WORK REQUIRED: Print every entry below again. Nothing may differ from the original.

INFORMATION SUPPLIED:
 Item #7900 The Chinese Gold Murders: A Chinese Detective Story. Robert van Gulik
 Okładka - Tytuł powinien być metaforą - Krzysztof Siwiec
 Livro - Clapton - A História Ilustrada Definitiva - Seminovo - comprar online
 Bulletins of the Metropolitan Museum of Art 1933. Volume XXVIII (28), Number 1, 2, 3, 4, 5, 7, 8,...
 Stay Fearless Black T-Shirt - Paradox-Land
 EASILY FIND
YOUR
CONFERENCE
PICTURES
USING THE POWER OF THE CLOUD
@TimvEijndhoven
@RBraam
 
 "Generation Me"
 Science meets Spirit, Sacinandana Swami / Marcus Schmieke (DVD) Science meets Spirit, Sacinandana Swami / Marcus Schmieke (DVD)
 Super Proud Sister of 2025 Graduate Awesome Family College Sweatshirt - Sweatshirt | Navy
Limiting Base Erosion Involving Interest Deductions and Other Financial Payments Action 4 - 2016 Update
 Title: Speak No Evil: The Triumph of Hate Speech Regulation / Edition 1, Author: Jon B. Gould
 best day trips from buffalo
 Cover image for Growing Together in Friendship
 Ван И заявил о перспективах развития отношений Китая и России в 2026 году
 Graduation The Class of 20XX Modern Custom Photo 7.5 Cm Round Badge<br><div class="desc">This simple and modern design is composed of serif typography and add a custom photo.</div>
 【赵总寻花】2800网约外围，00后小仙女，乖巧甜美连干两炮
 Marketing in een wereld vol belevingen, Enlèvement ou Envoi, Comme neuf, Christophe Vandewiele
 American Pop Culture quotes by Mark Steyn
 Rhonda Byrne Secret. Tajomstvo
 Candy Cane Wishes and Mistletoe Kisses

RESPONSE TO THIS EXERCISE:
 Item #7900 The Chinese Gold Murders: A Chinese Detective Story. Robert van Gulik
 Okładka - Tytuł powinien być metaforą - Krzysztof Siwiec
 Livro - Clapton - A História Ilustrada Definitiva - Seminovo - comprar online
 Bulletins of the Metropolitan Museum of Art 1933. Volume XXVIII (28), Number 1, 2, 3, 4, 5, 7, 8,...
 Stay Fearless Black T-Shirt - Paradox-Land
 EASILY FIND
YOUR
CONFERENCE
PICTURES
USING THE POWER OF THE CLOUD
@TimvEijndhoven
@RBraam
 
 "Generation Me"
 Science meets Spirit, Sacinandana Swami / Marcus Schmieke (DVD) Science meets Spirit, Sacinandana Swami / Marcus Schmieke (DVD)
 Super Proud Sister of 2025 Graduate Awesome Family College Sweatshirt - Sweatshirt | Navy
Limiting Base Erosion Involving Interest Deductions and Other Financial Payments Action 4 - 2016 Update
 Title: Speak No Evil: The Triumph of Hate Speech Regulation / Edition 1, Author: Jon B. Gould
 best day trips from buffalo
 Cover image for Growing Together in Friendship
 Ван И заявил о перспективах развития отношений Китая и России в 2026 году
 Graduation The Class of 20XX Modern Custom Photo 7.5 Cm Round Badge<br><div class="desc">This simple and modern design is composed of serif typography and add a custom photo.</div>
 【赵总寻花】2800网约外围，00后小仙女，乖巧甜美连干两炮
 Marketing in een wereld vol belevingen, Enlèvement ou Envoi, Comme neuf, Christophe Vandewiele
 American Pop Culture quotes by Mark Steyn
 Rhonda Byrne Secret. Tajomstvo
 Candy Cane Wishes and Mistletoe Kisses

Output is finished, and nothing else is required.